The DHS document, according to CNN, indicates that while most sovereign citizens are nonviolent, when sovereigns do plan an attack in advance, the report claims that it is usually “in direct response to an ongoing personal grievance, such as an arrest or court order.” The Republic of Texas group had issued writs for a particular court administrator.

Some may argue that this would be enough to support Hierholzer’s police task force’s actions against the Texas group, but without further evidence of wrongdoing, this argument seems unsubstantiated.

However, on February 5, 1999, two members of The Republic of Texas were sentenced to more than 24 years in prison each, followed by five years of supervised release, according to an FBI report, for threatening to use a weapon of mass destruction against a federal agent and his family.

The question then becomes, whether law enforcement officials were reasonable in their search and seizure of the group in February 2015, based upon concerns about a different group’s criminal activity in 1997 and the criminal activities committed in 1999 by two members, possibly connected to this group, although not given as a reason for the task force’s current actions taken against The Republic of Texas? Or were the actions of the police simply an overreach of authority given the allegations of a “suspicion” of a misdemeanor?

Many are rightfully concerned that the Obama administration’s DHS may move to sanction more of these searches based upon “hunches” or “worries” that these groups are or could potentially be involved in “sovereign extremist violence” in the future.
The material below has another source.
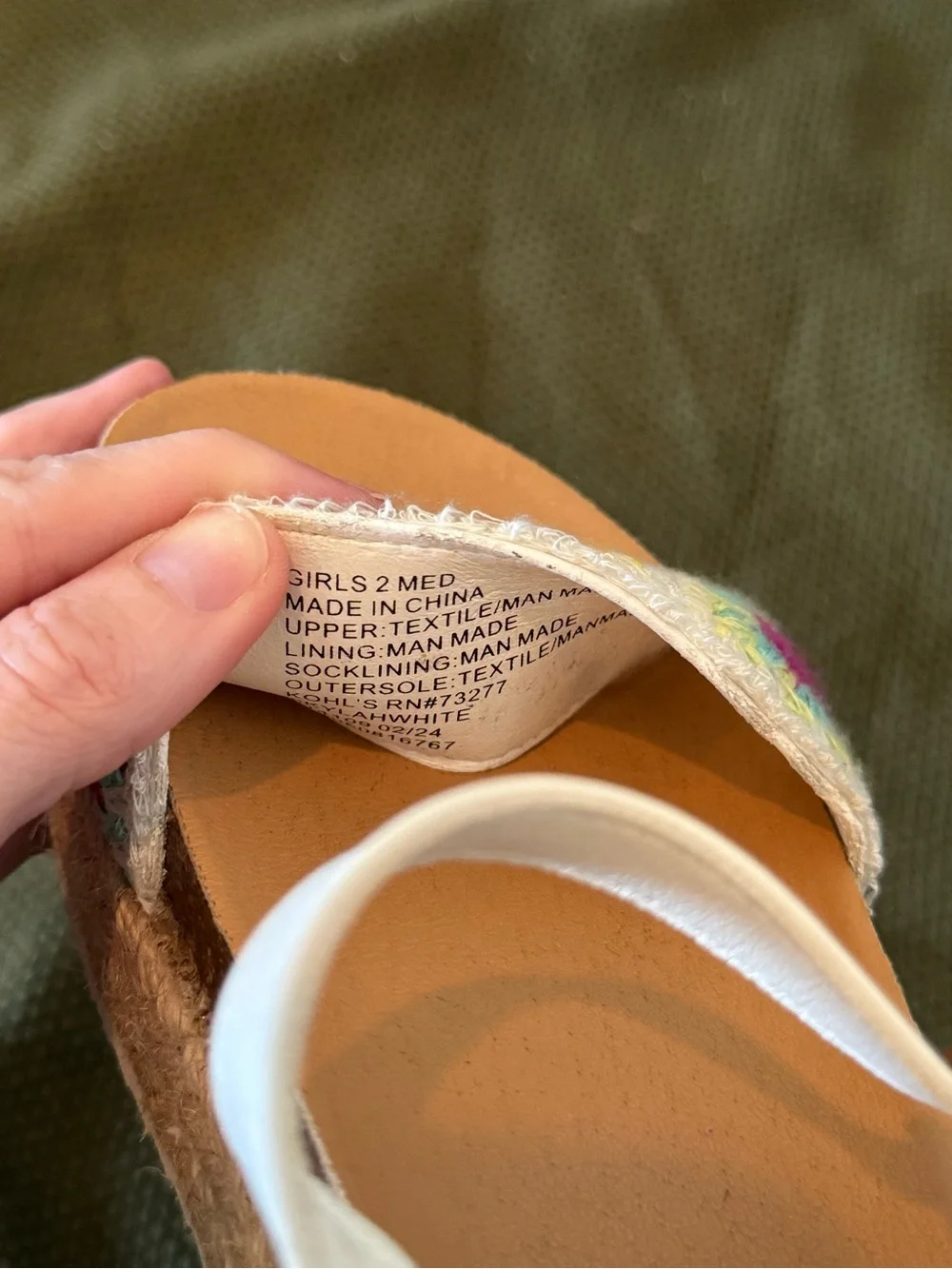 Sonoma Goods For Life® Skylah Girls' Sandals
While members of this particular group may have been involved in criminal activities approximately 16 years ago, there is no evidence currently that would suggest that the activities the group is presently involved in necessitated the apparent excessive measures taken by law enforcement.

Whether one agrees or disagrees with the ideology of the group, without more evidence, it would appear that the actions taken by the task force may have been more about intimidation and quashing the rights of a group to freely gather, rather than real concern over any present criminal behavior.